E il vero danno è che non trovare le parole per dire ciò che ci interessa davvero comunicare – ovvero non ascoltare il nostro demone creativo – fa smettere di esistere i desideri. Perché questo è il potere della parola e quindi della scrittura: far esistere le cose. Se non si hanno le parole per dirle, le cose che pensiamo non trovano realizzazione.

Giuseppe Manfridi (ph@Grazia Menna)

Per questo lo spettacolo che Giuseppe Manfridi costruisce come un gustosissimo gioco per intarsi dinamici, che sanno incastrarsi e insieme lasciarsi liberi di saltare oltre se stessi, risulta prezioso. Anche politicamente, in quanto veicola e rende fruibilissimo il concetto di “comunità”. Che al di là di una perversa vocazione all’omologazione, sa invece accogliere quei preziosi salti, quelle devianze dalla dritta via, che regalano gusto e nutrimento al nostro stare al mondo.

Ce ne parla Wakefield con quella sua “disposizione all’inganno che di rado aveva prodotto effetti maggiori di qualche piccolo segreto che teneva celato” ma che un venerdì di ottobre il suo demone persuade a far si che prenda la forma di un vero e proprio salto lungo 20 anni.

Ce ne parla Bob Beamon con il suo “chi lo sa! “: carma, dalla magnifica apertura ad uno sterminato salto dì possibilità, sussurratogli dal suo demone (racconta Manfridi) e da lui ripetuto come in trance prima di confezionare in 7 secondi un salto lungo 8 metri e 90 centimetri.

Ce ne parlano i piedi scalzi e il pugno in guanto nero di Tommie Smith e John Carlos, rispettivamente medaglia d’oro e di bronzo nei 200 metri piani ai Giochi Olimpici del 1968. Salti (ovvero coraggiosi gesti simbolici contro il razzismo) lunghi il tempo della squalificazione dalle gare successive. 

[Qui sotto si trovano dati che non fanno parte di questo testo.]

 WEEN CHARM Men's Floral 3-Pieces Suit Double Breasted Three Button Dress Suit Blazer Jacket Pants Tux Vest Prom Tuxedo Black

Ce ne parla, facendo un salto di pochi giorni e di pochi metri dal villaggio olimpico del 1968, la mattanza di Tlatelolco nella quale furono massacrati migliaglia di studenti con le loro famiglie per aver osato chiedere pacificamente il rispetto dei loro diritti.

E ce ne parlano ancora altri interessantissimi personaggi della letteratura, che la magia di Giuseppe Manfridi andrà a contattare.

Giuseppe Manfridi (ph@Grazia Menna)

Questo racconto dei racconti intessuto da Giuseppe Manfridi  ed interpretato – sotto il cesellante sguardo registico di Claudio Boccaccini – con una complicità fascinosamente dotta, predispone il pubblico a gustare la succulenza dell’enunciazione del ricamo di storie, che si dispiegano richiamandosi incredibilmente tra loro, in un intendersi di analogie.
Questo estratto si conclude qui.